■ TASK DESCRIPTION:
Once you find the line with "Ljusblå bootcut jeans" in the listing below, set down exactly every line from it through the line with "Model wearing abstract", but no pictures.

■ DATA EXTRACTS:
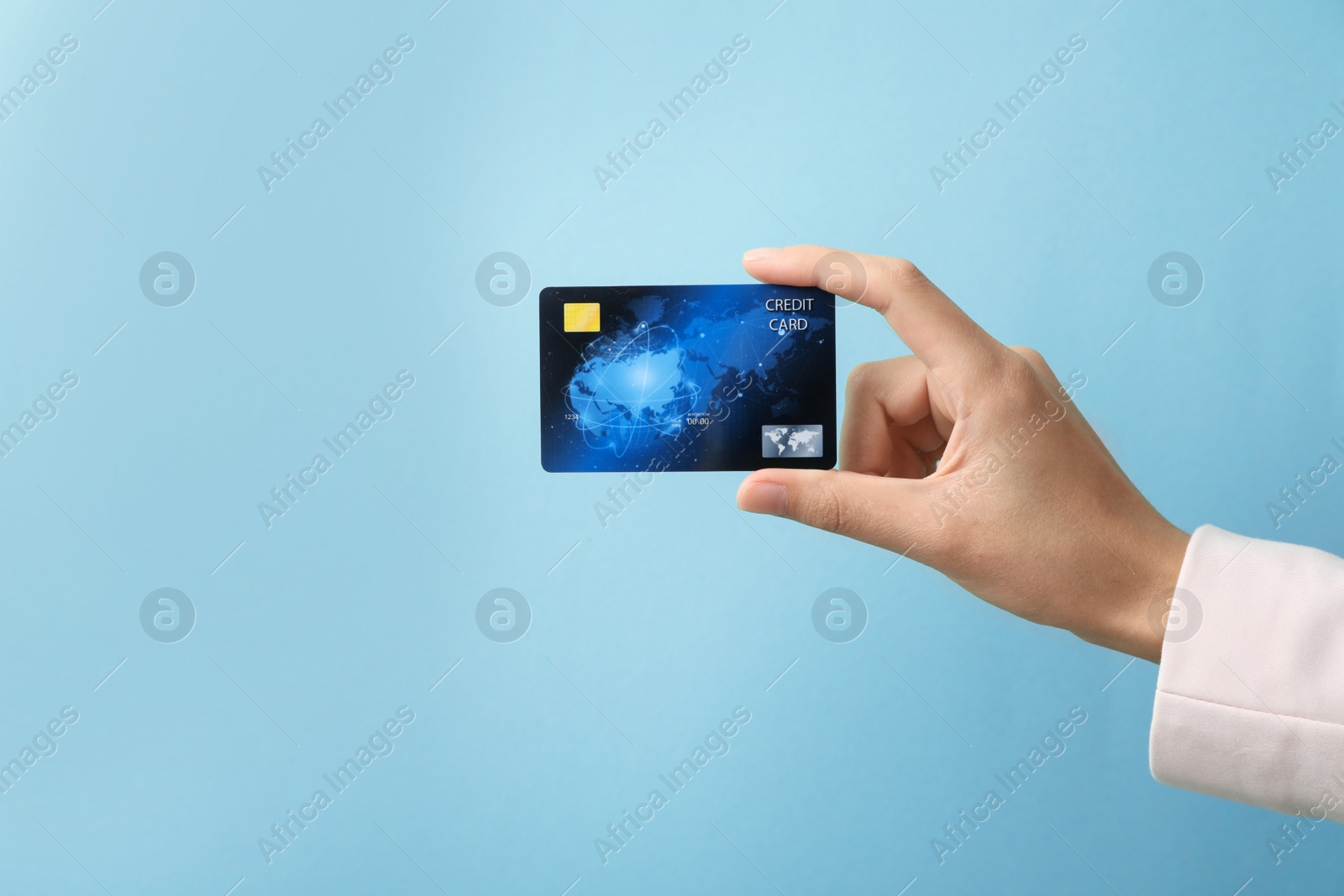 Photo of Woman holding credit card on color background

---

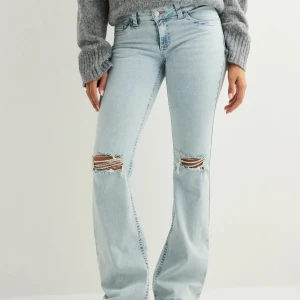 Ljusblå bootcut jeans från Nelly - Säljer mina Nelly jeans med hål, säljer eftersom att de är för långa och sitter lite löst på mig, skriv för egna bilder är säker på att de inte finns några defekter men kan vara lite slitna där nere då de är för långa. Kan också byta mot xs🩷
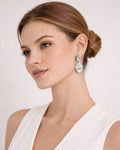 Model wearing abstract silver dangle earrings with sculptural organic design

■ TASK RESPONSE:
 Ljusblå bootcut jeans från Nelly - Säljer mina Nelly jeans med hål, säljer eftersom att de är för långa och sitter lite löst på mig, skriv för egna bilder är säker på att de inte finns några defekter men kan vara lite slitna där nere då de är för långa. Kan också byta mot xs🩷
 Model wearing abstract silver dangle earrings with sculptural organic design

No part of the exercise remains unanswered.